Keputusan mengejutkan Gubernur BOJ Haruhiko Kuroda untuk memperluas kurva imbal hasil obligasi tenor 10 tahun memicu lonjakan terbesar yen dalam lebih dari dua dekade. Yen yang lebih ini diperkirakan menguntungkan produsen listrik, distributor gas, dan penyulingan negara, yang bergulat dengan lonjakan biaya bahan bakar karena devaluasi mata uang yang cepat dan krisis energi global.
Yen yang lemah mendorong biaya impor energi Jepang, sehingga mempersulit upaya untuk menimbun bahan bakar dan menghindari kekurangan atau pemadaman listrik. Harga gas alam cair dalam mata uang yen naik lebih dari empat kali lipat dalam dua tahun terakhir, lebih tinggi dari harga yang dipatok dengan dolar AS.
“Dalam jangka pendek, apresiasi yen kemungkinan besar akan menguntungkan kilang minyak Jepang dan importir energi karena akan mengurangi biaya pembelian minyak, LNG, dan bahan bakar berdenominasi dolar AS lainnya," kata Will Sungchil Yun, analis komoditas senior di SI Securities.
Harga LNG naik ke rekor tertinggi tahun ini setelah invasi Rusia ke Ukraina dan memaksa importir Jepang berskala kecil untuk menahan pembelian bahan bakar ini dari pasar spot.
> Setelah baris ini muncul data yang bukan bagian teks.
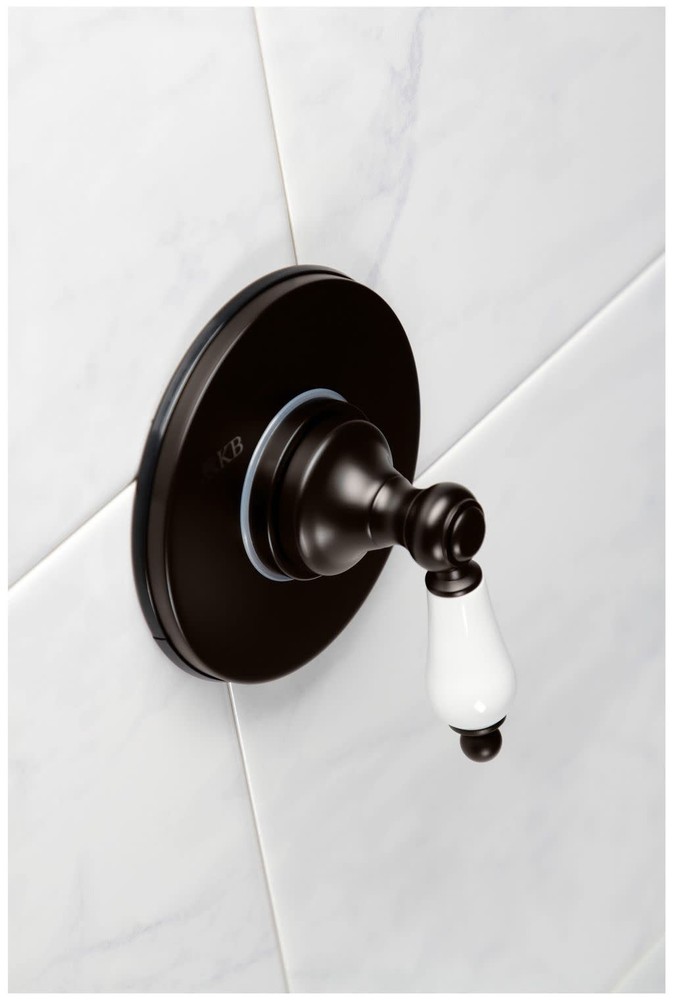 Kingston Brass KS303.PL Single Handle 3 Function Diverter Valve - Chrome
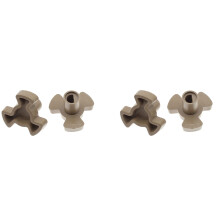 4X Magnetron Draaitafel Koppeling Magnetron Oven Draaitafel Rolgeleider Ondersteuning Glasplaat Aandrijving Koppeling Vervangende Onderdelen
Yang pasti, importir energi mungkin menunda pembelian tambahan jika mereka mengharapkan penguatan yen lebih lanjut.
Baca Juga
"Devaluasi cepat mata uang Jepang yang terlihat dalam periode baru-baru ini telah merusak pengadaan LNG Jepang," kata analis Institute of Energy Economics Hiroshi Hashimoto.
Meskipun pemerintah akan memberikan subsidi sementara untuk tagihan listrik rumah tangga tahun depan, tarif listrik telah melonjak pada tahun lalu dan berisiko naik lebih lanjut karena kenaikan harga bahan bakar. Hal ini berkontribusi pada inflasi di Jepang yang melonjak ke level tertinggi dalam empat dekade terakhir.